■ What is needed ■
Tally up the lines below with "Thanks" in them. Answer with the number only.
─── Material provided ───
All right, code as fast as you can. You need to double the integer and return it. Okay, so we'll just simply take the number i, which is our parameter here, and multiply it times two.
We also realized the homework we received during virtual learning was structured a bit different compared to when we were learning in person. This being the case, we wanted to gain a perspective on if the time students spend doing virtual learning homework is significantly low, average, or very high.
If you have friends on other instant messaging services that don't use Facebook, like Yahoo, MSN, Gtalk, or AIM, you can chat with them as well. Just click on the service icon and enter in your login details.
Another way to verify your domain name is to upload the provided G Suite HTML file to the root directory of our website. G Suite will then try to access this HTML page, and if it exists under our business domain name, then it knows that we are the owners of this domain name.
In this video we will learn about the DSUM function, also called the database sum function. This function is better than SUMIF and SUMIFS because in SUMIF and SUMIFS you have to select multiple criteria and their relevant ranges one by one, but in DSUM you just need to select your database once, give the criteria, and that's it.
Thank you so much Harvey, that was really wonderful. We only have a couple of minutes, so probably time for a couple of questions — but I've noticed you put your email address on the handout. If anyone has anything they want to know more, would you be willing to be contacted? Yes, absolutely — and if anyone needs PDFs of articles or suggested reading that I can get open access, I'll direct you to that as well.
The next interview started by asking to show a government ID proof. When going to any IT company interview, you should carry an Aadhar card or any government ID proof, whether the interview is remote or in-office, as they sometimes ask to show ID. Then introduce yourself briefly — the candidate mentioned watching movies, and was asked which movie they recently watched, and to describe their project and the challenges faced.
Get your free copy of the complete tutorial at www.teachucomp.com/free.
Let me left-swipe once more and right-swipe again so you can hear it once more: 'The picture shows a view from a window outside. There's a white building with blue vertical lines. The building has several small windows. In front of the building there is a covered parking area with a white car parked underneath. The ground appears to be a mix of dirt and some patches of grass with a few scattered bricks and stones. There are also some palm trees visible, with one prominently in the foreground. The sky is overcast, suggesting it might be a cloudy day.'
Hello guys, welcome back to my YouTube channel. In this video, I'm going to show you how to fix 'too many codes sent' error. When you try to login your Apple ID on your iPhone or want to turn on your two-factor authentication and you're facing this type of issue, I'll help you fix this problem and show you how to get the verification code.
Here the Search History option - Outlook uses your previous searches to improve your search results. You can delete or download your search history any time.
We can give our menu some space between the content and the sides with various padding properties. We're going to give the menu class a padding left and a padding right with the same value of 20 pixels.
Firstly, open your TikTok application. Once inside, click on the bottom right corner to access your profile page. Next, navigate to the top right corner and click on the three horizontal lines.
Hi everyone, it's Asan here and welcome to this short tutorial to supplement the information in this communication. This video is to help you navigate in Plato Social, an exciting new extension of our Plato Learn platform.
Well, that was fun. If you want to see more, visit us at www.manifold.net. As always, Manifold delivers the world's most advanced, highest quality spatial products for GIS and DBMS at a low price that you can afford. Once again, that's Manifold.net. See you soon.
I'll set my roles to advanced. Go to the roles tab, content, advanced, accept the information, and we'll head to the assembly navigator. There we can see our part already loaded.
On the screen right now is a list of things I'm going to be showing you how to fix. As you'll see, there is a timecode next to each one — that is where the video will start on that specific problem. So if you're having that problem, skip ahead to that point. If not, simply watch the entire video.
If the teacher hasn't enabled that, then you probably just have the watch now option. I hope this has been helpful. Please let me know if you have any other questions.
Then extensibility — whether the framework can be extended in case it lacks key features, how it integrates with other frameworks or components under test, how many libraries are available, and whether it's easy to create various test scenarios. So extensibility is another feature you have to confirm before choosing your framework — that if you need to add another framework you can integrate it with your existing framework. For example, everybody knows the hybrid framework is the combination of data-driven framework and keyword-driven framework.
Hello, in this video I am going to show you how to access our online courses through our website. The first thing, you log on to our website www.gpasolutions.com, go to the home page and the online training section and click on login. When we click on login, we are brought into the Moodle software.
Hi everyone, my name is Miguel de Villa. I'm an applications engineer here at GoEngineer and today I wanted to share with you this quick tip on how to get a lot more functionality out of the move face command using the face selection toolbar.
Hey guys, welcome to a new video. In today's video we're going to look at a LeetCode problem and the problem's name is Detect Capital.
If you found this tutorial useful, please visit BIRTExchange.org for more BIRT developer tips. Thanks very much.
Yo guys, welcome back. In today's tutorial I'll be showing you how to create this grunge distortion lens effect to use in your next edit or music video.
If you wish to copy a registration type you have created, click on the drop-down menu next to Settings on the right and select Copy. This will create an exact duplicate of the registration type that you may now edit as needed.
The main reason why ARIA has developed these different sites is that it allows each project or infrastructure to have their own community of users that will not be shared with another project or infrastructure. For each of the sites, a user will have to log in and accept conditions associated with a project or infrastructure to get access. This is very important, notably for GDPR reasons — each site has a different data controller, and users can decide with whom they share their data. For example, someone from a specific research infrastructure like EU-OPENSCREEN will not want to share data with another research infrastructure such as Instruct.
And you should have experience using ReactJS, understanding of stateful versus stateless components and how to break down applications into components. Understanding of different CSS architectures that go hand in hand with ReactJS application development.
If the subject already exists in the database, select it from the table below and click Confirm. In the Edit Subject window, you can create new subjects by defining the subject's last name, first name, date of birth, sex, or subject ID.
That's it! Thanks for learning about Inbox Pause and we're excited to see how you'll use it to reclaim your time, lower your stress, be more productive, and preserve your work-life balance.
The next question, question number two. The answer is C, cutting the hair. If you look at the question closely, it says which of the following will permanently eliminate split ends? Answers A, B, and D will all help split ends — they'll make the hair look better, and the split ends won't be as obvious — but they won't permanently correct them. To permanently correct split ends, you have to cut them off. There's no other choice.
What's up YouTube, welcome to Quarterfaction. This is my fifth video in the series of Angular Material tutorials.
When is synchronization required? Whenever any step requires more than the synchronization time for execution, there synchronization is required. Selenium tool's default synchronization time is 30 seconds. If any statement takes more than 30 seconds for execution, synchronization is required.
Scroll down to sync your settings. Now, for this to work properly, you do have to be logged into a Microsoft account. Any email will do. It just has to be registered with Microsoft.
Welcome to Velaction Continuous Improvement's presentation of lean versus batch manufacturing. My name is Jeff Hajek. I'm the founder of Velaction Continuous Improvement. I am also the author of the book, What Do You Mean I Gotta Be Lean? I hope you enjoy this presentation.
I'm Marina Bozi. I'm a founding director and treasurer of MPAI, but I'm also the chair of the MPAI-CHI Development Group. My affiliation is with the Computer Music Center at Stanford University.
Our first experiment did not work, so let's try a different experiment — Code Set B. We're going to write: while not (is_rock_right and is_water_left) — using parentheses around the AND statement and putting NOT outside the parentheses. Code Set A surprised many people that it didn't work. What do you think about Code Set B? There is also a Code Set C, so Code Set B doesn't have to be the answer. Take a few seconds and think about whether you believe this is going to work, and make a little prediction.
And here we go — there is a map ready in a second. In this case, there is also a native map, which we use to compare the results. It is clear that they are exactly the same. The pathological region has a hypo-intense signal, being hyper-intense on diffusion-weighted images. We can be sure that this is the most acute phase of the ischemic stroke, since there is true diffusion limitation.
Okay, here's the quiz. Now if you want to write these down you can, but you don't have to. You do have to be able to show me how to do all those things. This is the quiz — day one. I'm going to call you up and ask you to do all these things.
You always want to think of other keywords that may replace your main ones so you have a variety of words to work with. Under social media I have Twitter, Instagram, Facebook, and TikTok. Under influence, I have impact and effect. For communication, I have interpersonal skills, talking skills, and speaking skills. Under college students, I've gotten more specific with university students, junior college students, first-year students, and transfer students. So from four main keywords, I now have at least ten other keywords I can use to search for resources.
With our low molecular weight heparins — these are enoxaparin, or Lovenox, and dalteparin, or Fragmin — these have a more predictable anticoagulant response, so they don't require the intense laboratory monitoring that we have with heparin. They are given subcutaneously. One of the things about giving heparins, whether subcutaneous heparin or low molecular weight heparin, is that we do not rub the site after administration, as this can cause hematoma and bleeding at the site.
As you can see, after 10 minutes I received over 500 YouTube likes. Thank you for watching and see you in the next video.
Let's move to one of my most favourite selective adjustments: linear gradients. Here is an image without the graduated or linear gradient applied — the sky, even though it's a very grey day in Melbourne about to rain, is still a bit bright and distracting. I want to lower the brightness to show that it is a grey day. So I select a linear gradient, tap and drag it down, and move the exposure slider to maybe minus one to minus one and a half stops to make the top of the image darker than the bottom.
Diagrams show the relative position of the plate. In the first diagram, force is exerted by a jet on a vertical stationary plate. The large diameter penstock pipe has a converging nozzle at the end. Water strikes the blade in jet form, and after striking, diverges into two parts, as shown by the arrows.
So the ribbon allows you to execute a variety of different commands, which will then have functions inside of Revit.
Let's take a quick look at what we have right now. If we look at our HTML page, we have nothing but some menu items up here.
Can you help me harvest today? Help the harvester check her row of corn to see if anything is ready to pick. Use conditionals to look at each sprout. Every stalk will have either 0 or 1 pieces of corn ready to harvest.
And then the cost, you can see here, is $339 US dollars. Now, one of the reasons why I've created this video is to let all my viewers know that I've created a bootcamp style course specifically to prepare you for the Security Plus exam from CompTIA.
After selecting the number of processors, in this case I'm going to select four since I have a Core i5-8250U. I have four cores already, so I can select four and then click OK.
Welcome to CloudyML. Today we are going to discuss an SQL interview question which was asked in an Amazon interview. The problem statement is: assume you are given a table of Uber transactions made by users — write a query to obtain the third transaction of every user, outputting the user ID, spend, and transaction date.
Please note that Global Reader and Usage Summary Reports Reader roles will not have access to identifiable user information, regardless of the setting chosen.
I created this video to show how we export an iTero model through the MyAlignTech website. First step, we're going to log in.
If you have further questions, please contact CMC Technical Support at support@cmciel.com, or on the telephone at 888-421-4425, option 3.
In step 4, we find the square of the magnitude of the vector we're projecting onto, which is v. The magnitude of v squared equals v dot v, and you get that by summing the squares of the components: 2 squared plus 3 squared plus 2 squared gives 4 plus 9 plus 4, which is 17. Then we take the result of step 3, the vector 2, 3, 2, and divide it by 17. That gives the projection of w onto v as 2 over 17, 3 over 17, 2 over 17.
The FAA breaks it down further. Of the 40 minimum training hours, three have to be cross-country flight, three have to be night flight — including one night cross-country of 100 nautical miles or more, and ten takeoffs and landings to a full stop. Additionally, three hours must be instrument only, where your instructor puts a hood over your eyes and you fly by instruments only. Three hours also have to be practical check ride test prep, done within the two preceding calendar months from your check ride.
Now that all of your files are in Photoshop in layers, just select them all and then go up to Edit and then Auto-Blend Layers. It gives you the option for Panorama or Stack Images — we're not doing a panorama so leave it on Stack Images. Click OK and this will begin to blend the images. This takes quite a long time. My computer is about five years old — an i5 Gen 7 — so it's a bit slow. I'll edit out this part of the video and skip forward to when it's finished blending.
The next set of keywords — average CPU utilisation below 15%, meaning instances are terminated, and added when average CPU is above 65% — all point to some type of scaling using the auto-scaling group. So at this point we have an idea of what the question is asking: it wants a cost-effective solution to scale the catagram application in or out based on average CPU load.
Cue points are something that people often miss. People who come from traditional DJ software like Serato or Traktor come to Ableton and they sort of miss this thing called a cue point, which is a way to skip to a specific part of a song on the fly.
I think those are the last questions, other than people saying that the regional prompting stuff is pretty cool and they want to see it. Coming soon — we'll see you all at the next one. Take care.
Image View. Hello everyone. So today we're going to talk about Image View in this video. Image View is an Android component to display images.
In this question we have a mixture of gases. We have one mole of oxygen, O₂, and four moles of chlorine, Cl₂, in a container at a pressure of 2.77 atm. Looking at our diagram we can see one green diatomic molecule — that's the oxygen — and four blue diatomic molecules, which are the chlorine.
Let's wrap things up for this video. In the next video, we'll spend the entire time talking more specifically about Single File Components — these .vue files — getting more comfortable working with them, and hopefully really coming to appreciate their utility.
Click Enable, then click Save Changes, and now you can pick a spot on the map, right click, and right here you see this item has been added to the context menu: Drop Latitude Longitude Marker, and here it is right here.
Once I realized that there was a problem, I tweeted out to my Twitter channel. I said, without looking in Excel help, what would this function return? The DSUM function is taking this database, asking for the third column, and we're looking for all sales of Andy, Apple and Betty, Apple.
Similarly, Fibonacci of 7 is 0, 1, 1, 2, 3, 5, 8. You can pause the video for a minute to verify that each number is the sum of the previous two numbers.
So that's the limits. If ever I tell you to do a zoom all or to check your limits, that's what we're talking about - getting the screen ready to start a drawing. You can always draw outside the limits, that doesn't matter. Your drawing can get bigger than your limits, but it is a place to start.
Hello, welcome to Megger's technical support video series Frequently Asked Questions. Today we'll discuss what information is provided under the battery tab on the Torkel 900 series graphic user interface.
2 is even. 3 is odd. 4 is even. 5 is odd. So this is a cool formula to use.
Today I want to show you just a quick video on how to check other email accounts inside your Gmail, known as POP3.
───
■ Result below ■
2